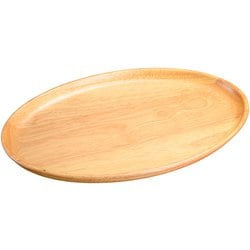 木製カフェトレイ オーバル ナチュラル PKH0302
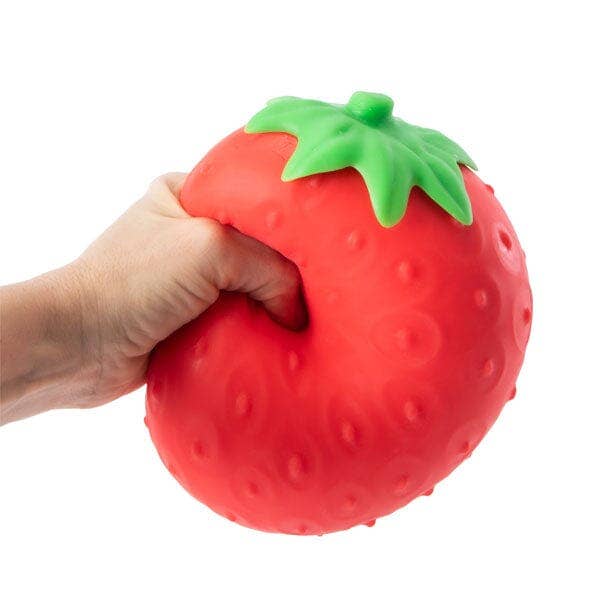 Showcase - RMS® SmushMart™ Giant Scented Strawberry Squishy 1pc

* * *

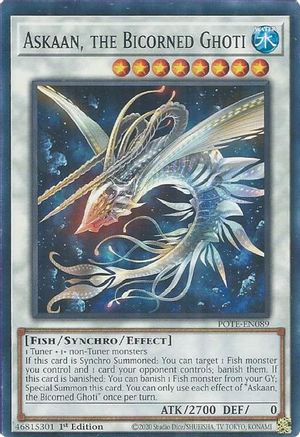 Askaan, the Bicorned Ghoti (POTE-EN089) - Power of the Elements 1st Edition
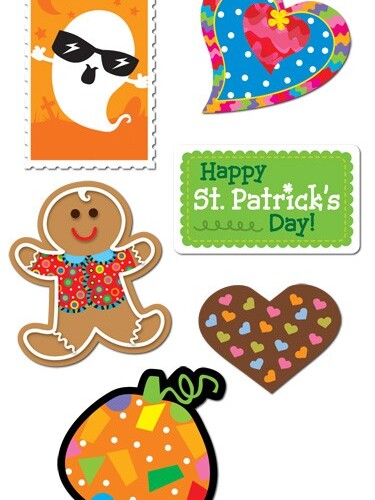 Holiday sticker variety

--

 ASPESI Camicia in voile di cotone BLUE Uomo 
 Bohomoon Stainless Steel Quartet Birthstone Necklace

-- Exercise directions --
An exact copy is needed. It runs from the line above containing "木製カフェトレイ オーバル ナチュラル PKH0302" down to the line containing "Showcase - RMS®", both included, with no pictures.

-- Task response --
 木製カフェトレイ オーバル ナチュラル PKH0302
 Showcase - RMS® SmushMart™ Giant Scented Strawberry Squishy 1pc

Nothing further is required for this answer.